Лавор, однако, не сделал и движения, показывающего, что собирается уходить. Игорь возмущённо воззрился на него, однако не успел открыть рот, как Овлур с несчастным видом быстро прошептал:
– Нельзя брать с собою Ставра и Незная. Великий хан Кончак разрешил бежать тебе одному.
– Что?!
– Великий хан говорил, что не настаивает на выкупе в две тысячи: его ведь пришлось бы разделить между многими ханами. С тебя он возьмёт двести гривен (за тот скот, что пришлось отогнать Чилбуку) и сто пятьдесят за молодого Владимира. Вдобавок за коней его ханских, для побега потребных, – недорого, по-божески. А Владимира с женою, своей, ханской дочерью, отпустит, когда от тебя гривны привезут. Только ты должен молчать и об этой вашей сделке.
– Промолчу, а то как же? – скрипнул Игорь зубами. – Уж промолчу.
– Только имей в виду: если – не дай того Бог! – тебя поймают, великий хан за тебя больше не вступится. Если пленник бежит и его изловят, у нас такового казнят, чтобы иным неповадно было, а всех других, что с ним сидели, заковывают и держат с жесточью великою, уже без всяких послаблений. Меня, если схватят нас кыпчаки из другой орды, Кончак тоже не станет выручать.
– Куда ни кинь, везде клин, – проворчал князь Игорь. – Вот уж хитрозадые вы все какие! Никому нельзя верить.

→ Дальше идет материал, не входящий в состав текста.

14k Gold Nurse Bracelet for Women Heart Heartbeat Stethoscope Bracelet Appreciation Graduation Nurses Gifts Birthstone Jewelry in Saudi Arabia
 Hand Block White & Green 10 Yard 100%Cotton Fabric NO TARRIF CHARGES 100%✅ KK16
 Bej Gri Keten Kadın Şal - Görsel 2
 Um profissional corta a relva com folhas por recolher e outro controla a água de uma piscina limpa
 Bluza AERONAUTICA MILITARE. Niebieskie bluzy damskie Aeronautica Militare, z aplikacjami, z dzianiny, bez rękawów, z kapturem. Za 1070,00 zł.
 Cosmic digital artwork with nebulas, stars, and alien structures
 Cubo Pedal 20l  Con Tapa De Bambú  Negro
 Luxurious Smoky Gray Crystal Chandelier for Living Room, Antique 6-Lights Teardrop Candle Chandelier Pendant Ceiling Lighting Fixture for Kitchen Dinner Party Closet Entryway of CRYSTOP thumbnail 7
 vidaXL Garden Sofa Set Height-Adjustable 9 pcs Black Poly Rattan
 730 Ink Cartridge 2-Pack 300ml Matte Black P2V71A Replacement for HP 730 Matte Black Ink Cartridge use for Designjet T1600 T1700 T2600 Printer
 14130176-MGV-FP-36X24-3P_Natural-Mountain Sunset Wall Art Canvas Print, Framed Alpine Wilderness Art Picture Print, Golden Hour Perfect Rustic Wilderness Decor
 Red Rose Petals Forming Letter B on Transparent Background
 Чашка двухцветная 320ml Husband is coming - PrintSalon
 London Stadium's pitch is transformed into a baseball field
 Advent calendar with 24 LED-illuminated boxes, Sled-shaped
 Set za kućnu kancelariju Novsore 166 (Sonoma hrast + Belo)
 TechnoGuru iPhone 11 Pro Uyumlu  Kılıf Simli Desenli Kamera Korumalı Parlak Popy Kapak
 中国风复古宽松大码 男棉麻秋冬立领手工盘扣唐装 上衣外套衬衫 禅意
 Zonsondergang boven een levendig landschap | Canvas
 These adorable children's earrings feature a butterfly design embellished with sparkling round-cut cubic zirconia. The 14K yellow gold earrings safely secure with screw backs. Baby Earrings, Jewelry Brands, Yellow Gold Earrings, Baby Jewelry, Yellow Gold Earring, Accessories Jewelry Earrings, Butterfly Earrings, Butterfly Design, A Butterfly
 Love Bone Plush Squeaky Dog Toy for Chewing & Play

– Ты и сам бы про сие догадался, княже, что я действую по поручению великого хана, – с каким-то даже укором поднял глаза на князя Лавор, – если выпил бы сегодня поменьше вина и если бы дал себе труд задуматься: отчего бы это я, решившись помочь тебе сбежать, обрекаю на смерть или на рабство всю свою семью?
Игорь в свою очередь опустил глаза. Ему-то как раз наплевать было и на судьбу этого полукосоглазого, и на судьбу его косоглазой семейки, однако показывать своё равнодушие было нельзя.
– Да уж, не подумал я! А когда поедем? И как обманем сторожу?
– Поедем уже через два дня, когда вернётся войско с Кончаком. Сегодня прискакал скорый гонец от него. Великий хан идёт неспешно, бережет полон. Когда приедет, будет всеобщий той, и я тогда… – и Лавор подвинулся на кошме, чтобы приблизить свои уста к уху князя Игоря.